[HN Gopher] A hash table by any other name
       ___________________________________________________________________
        
       A hash table by any other name
        
       Author : signa11
       Score  : 96 points
       Date   : 2024-07-26 06:53 UTC (16 hours ago)
        
 (HTM) web link (lwn.net)
 (TXT) w3m dump (lwn.net)
        
       | pphysch wrote:
       | > "I've _assumed_ an average chain length of 10 for rhashtable in
       | the above memory calculations. "
       | 
       | > Reviewers were, as ever, skeptical in the face of assertions
       | about performance without corresponding measurements. Peng Zhang
       | asked "how much performance improvement is expected if it is
       | applied to dcache?" Wilcox didn't reply to Zhang's question.
       | 
       | Am I reading this right that the author supplied no actual
       | (benchmarking) evidence to support their proposed performance
       | optimization?
        
         | kelnos wrote:
         | That's how I read it too, and that seems bizarre to me. The one
         | request for actual performance numbers was ignored? That seems
         | pretty crappy.
        
         | RandomThoughts3 wrote:
         | Seriously, a simple google search or taking a minute to follow
         | the first link in the article would have shown you that the
         | patch set obviously came with a benchmark [1]. It's performance
         | data on actual real use in the kernel which are missing. It's
         | someone posting a patch to the kernel mailing list, not some
         | random kid on GitHub, there is no point assuming they are an
         | idiot to try to shine.
         | 
         | My days as a LWN subscriber are now far behind but gosh reading
         | the comments there was a blast. I had forgotten how good proper
         | technical discussions used to be.
         | 
         | [1]
         | https://lore.kernel.org/lkml/20240222203726.1101861-1-willy@...
        
           | jonhohle wrote:
           | I poked through a few messages in that thread and while there
           | is a space benchmark, there is no time benchmark, something I
           | would expect to see on switching from a LL to a cache-aware
           | implementation. Phoronix, who would benchmark a potato if you
           | told them it gave you better performance, has an article with
           | no benchmarks.
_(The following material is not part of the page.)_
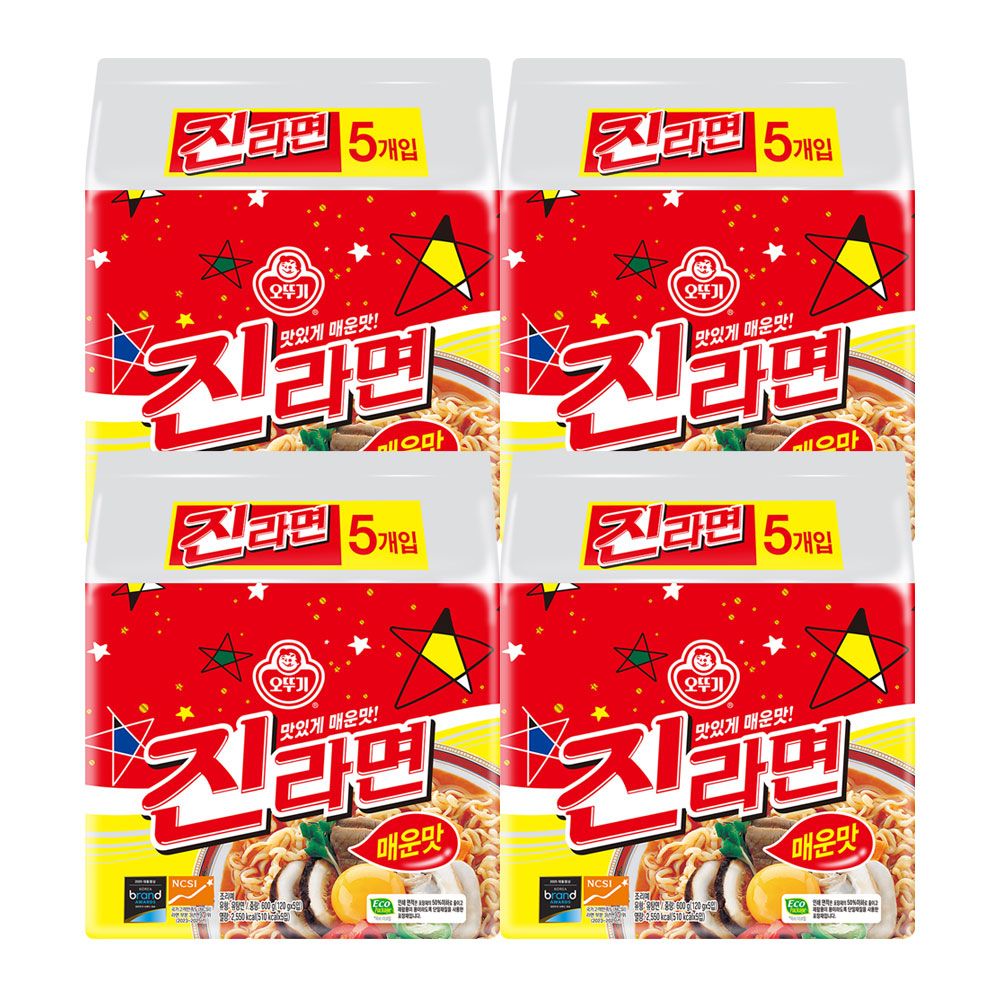 상품 이미지: 오뚜기 진라면 매운맛 120g 20개 외 1종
The commit says it should be good enough for
           | someone to run a perf benchmark.
           | 
           | Is it common to add an unused data structure into the kernel
           | without understanding its performance characteristics? If
           | they are available it is not obvious to someone who has read
           | the article, read the commit message, read lkml, went looking
           | for benchmarks, and has still come up with no concept of how
           | this might perform in realistic or synthetic scenarios.
        
           | pphysch wrote:
           | The entire point of a LWN article like this is to accurately
           | summarize the patch sets and email discussions for casual
           | readers. No need for the snark.
        
           | scottlamb wrote:
           | I'm pretty sure pphysch is correct.
           | 
           | > Seriously, a simple google search or taking a minute to
           | follow the first link in the article would have shown you
           | that the patch set obviously came with a benchmark [1].
           | 
           | If you're referring to the table with headers "number xarray
           | maple rhash rosebush", it's an estimate of memory usage, not
           | a benchmark. And the author (Matthew Wilcox) says "I've
           | assumed an average chain length of 10 for rhashtable in the
           | above memory calculations", which folks questioned. So
           | there's reason to doubt its correctness.
           | 
           | > It's someone posting a patch to the kernel mailing list,
           | not some random kid on GitHub, there is no point assuming
           | they are an idiot to try to shine.
           | 
           | Let's just let the work speak rather than flagging the author
           | as an idiot or genius...at present rosebush is unproven and
           | based on questionable assumptions. That might change in
           | future rounds.
        
         | rurban wrote:
         | Because many others did that benchmarks before and come to vast
         | improvements over simple linked lists.
        
       | o11c wrote:
       | Is it just me, or is this unsafely assuming that collisions can
       | only happen in low bits, not for the full hash (despite it being
       | only 32 bits)
        
         | masklinn wrote:
         | No? From the text at least, the low bits are just used to
         | select the bucket, this is a common technique (and reason for
         | using power of two sizes such that you don't need a full
         | modulo).
         | 
         | Once you're in a bucket, it does full hash match, then I assume
         | (didn't look at the patch) actual key comparison.
        
           | o11c wrote:
           | That would be fine, except that in v2 the buckets are fixed
           | size.
           | 
           | What happens when more than 20 objects end up with the exact
           | same hash?
        
             | samatman wrote:
             | If it were my hash table, the arrays would just be unrolled
             | linked lists.
             | 
             | So a "twenty object" bucket would actually store 19
             | objects, and if the last one wasn't null it would contain a
             | pointer to the next bucket.
             | 
             | I'm willing to presume these folks know what they're doing,
             | so that's probably what's happening here.
        
             | tialaramex wrote:
             | Yes it does seem like a problem, by my reading this will
             | just endlessly try to "split" the bucket of 20 items,
             | hoping that eventually one of the items goes into a new
             | bucket leaving space, but if they have the same hash that
             | never happens, disaster.
             | 
             | If I'm wrong I don't think this code does a good enough job
             | of explaining what's going on, and if I'm correct it's
             | defective and should not ship.
             | 
             | Even if this situation "shouldn't" happen, it clearly _can_
             | happen, you just have to get unlucky, and it 's difficult
             | to compute how unlikely that is for real systems, so better
             | to ensure that "We got unlucky" isn't a disaster for the
             | kernel.
        
               | rurban wrote:
               | No desaster. On an actual attack (eg if the seed leaked)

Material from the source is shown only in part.